Он поднялся, его качнуло, он постоял, держась за спинку кресла, волнение отдавалось ударами в голове — потом, насколько хватило сил ступать твердо, приблизился к письменному столу Демидова, выдвинул нижний ящик. Он выложил оттуда папки, листы с рисунками, после чего из длинной жестяной коробки с надписью «Монпансье» извлек завернутый в тряпку, тускло поблескивающий потертой вороненой сталью немецкий «вальтер», подаренный деду в годы войны лечившимся в московском госпитале художником, капитаном, заходившим в мастерскую.
— Вот что нужно, чтобы выжить, — сказал Андрей. — А не голубиное сердце и терпение!
Толкая животом стол, Демидов привстал, брови взлетели, он вскричал лающим голосом:
— А ну положи немедленно игрушку! И никогда, ни при каких… не трогай больше! По твоему характеру ты еще пульнешь в какого-нибудь сатрапа! Ополоумел ты, Андрюша, прости Господи! Или я, старая галоша, оглупел вконец, не вижу, что тебе в постель лечь надо. Ты болен!.. Да еще в каком ты гневе, в какой ненависти! Это бывает хуже болезни, убивает здравомыслие! Остынь, Андрюша! Послушай своего деда, ты ведь у меня один!..
— Насчет гнева мне есть у кого учиться, спасибо большое, — сказал Андрей, взвешивая на ладони пистолет, любуясь им. — Какая приятная тяжесть. Какая красивая штука…
Демидов с грохотом отстранил ногой стул, стремительно прокосолапил к Андрею, подхватил с его ладони пистолет, сунул в ящик стола.

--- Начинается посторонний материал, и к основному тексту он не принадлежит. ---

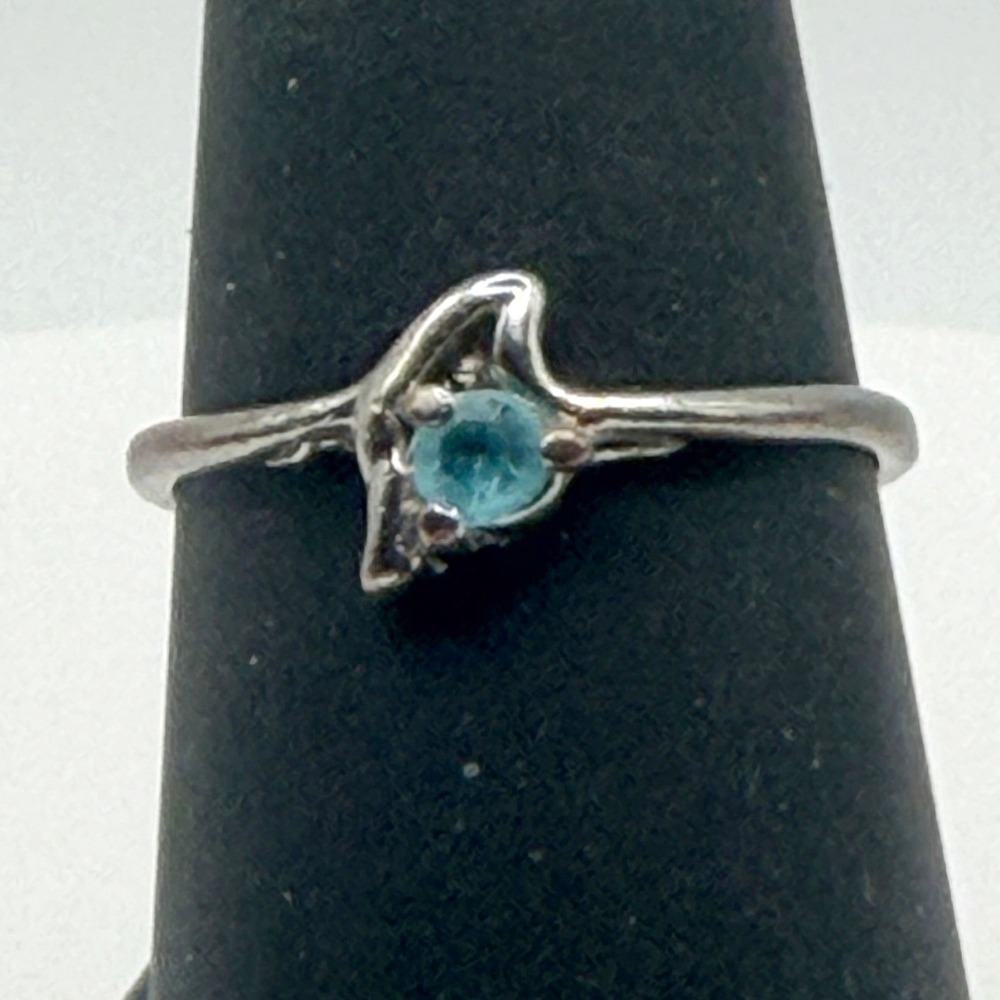 Silver Tone Blue Stone‎ Solitaire Ring Size 7.25 Minimalist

— Все! С этим кончено, раз и навеки вечные! — И он с размаха захлопнул ящик. — Что касается моего гнева, — проговорил он осипшим горлом, — то он другого рода. Но я не о себе… — Демидов умолк, и Андрей вблизи увидел его безотрадно погасшие от невыраженного страдания глаза. — Послушай хоть один совет… не только мой, а, наверно, тех, кто не победил. Не давай себе воли впопыхах мстить, не торопись удовлетворить злое чувство, — продолжал убеждать Демидов. — Ведь скорый гнев, дружище, не достоинство ума. А ты никак уж не глупый парень. Говоришь — мой гнев? Андрюша-а… Мне давно уже ничего не страшно. Ты же молод, у тебя вся жизнь впереди. Милый, прошу тебя, запомни: не спеши с гневом, не уподобляйся глупцам… Ненавистью ты разрушаешь себе душу! Это бессмысленно, Андрюша!..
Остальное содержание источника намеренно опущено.